偶然のなりゆきから出版と地図の世界に入りこんで44年、その延長に近年「お散歩の先生」や「崖博士」といった渾名を頂戴するに至ったのですが、元来研究者でもなく、数冊の著作はあるものの学術書とも言えずエンターテイメントでもなし、諸雑誌への連載や寄稿、書評もどちらかといえばエッセイの類でしょう。

しかしながらこれまた思いもかけず本学教員の末席に連なって、はや2年半目。さらなるサプライズは当コラム二番手として堺学長のご指名を頂戴したこと。そろそろ自分の「研究」をきちんとまとめなさいという督励でしょうか。

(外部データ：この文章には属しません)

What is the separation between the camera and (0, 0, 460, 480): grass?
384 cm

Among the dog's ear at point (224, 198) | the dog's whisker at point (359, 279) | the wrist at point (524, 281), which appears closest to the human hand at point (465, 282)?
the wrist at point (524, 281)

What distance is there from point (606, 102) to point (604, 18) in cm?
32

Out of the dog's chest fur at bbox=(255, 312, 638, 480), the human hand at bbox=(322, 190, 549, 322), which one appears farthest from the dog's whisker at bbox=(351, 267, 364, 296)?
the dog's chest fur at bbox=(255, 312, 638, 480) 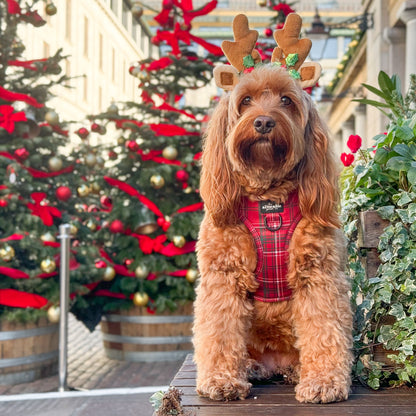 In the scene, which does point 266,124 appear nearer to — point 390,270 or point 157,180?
point 390,270

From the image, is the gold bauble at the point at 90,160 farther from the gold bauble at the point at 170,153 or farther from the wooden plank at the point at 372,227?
the wooden plank at the point at 372,227

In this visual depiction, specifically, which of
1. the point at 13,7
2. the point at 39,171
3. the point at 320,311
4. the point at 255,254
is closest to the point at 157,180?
the point at 39,171

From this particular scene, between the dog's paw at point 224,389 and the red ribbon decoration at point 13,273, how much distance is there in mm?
2928

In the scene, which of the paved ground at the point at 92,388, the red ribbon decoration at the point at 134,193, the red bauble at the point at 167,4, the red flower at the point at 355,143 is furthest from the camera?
the red bauble at the point at 167,4

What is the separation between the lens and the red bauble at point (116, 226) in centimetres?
548

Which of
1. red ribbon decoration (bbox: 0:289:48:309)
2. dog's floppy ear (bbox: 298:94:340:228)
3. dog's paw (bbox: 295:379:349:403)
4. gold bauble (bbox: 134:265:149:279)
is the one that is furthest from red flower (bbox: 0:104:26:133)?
dog's paw (bbox: 295:379:349:403)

とまれ、私の「研究」らしき痕跡は、日本国際地図学会(現日本地図学会)機関誌『地図』に「東京の旧版大縮尺地図とその利用について」を報告(Vol.43,2005)、同誌に「地図と古地図の狭間」と題した特別講演記録(Vol.49-2,2011)が掲載、さらには「井上ひさし氏にみる作家の方法 ―地図・年表・名鑑」という短報を投じた(Vol.49-1,2011)程度です。

一方、2016年朝倉書店から刊行予定の『地図の事典』への執筆依頼が、同学会会長森田喬さん以下何人かの編集委員の連名で届いたのはたしか2014年の秋頃だったと思います。その全体構成や項目一覧があまり感心したものではなかったので「本が出来たら書評を書くから」と一旦は断ったものの、結局「想像地図」「場所の記憶としての地図」「地図帳の歴史」「(地図の)個人コレクション」の4項目については引き受けざるを得ず、調査にひと夏かけて脱稿、締切の2015年9月には出版社に原稿を送ったもののいまだ音沙汰ありません。けれどもジテン(「事典」「辞典」「字典」)という「権威」ある(べき)出版形式にふさわしいように、限られた文字数のなかに凝縮した内容と新しい知見を盛り込んだつもりですから、これも私の「研究」の一環と言っていいでしょう。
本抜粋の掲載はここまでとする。